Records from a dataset
* * * * * * *
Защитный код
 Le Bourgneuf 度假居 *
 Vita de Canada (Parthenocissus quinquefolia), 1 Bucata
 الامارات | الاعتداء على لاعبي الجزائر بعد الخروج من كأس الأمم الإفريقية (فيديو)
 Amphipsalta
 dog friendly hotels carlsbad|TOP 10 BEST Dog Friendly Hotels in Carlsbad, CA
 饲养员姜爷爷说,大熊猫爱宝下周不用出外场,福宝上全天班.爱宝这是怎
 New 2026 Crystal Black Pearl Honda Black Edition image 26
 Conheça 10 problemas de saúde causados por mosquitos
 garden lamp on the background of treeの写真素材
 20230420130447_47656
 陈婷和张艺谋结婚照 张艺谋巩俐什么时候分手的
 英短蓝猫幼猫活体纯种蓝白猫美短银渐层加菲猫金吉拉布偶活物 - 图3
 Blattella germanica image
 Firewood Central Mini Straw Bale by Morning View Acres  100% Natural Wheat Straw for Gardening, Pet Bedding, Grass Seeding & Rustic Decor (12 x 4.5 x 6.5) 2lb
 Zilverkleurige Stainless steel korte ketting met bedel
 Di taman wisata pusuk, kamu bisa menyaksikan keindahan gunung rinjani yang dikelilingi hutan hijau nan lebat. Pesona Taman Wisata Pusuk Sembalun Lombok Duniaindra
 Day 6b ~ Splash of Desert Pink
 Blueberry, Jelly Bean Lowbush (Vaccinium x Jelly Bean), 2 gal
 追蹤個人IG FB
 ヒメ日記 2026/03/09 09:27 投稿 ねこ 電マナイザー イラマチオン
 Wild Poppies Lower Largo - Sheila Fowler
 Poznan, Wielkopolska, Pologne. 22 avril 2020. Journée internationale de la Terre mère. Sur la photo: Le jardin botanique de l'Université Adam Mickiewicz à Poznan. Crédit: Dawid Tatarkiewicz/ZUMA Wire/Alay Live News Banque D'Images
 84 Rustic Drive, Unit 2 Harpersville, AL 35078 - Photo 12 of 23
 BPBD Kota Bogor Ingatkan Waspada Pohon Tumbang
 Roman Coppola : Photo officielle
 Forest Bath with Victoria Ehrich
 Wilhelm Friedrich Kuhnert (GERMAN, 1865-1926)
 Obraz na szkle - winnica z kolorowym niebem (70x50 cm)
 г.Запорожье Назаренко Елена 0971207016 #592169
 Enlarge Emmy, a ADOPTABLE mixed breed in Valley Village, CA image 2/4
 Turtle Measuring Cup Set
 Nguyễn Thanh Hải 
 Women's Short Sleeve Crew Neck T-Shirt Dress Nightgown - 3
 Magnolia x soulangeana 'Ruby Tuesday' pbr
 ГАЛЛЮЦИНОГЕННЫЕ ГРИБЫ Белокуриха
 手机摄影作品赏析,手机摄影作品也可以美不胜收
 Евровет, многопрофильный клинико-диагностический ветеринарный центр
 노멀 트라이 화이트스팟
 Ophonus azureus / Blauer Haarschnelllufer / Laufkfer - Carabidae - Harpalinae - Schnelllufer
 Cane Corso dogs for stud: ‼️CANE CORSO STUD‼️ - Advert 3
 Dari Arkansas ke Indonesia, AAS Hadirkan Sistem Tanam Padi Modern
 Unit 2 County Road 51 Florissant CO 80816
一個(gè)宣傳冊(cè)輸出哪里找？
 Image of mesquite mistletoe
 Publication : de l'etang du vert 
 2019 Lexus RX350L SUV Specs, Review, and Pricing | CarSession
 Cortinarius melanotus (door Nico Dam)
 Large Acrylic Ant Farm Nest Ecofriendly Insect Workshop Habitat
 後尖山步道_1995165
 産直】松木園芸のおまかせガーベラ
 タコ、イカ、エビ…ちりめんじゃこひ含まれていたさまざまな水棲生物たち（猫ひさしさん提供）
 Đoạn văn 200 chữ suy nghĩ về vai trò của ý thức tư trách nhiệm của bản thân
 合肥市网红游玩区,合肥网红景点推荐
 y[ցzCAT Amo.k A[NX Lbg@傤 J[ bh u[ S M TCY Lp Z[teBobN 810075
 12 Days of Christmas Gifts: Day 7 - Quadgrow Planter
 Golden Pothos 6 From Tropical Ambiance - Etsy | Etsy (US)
* * * * * * *
Of all the entries above, repeat only the lines from the line that has "Blattella germanica image" to the line that has "Day 6b ~ Splash of Desert Pink", both lines included, exactly.

 Blattella germanica image
 Firewood Central Mini Straw Bale by Morning View Acres  100% Natural Wheat Straw for Gardening, Pet Bedding, Grass Seeding & Rustic Decor (12 x 4.5 x 6.5) 2lb
 Zilverkleurige Stainless steel korte ketting met bedel
 Di taman wisata pusuk, kamu bisa menyaksikan keindahan gunung rinjani yang dikelilingi hutan hijau nan lebat. Pesona Taman Wisata Pusuk Sembalun Lombok Duniaindra
 Day 6b ~ Splash of Desert Pink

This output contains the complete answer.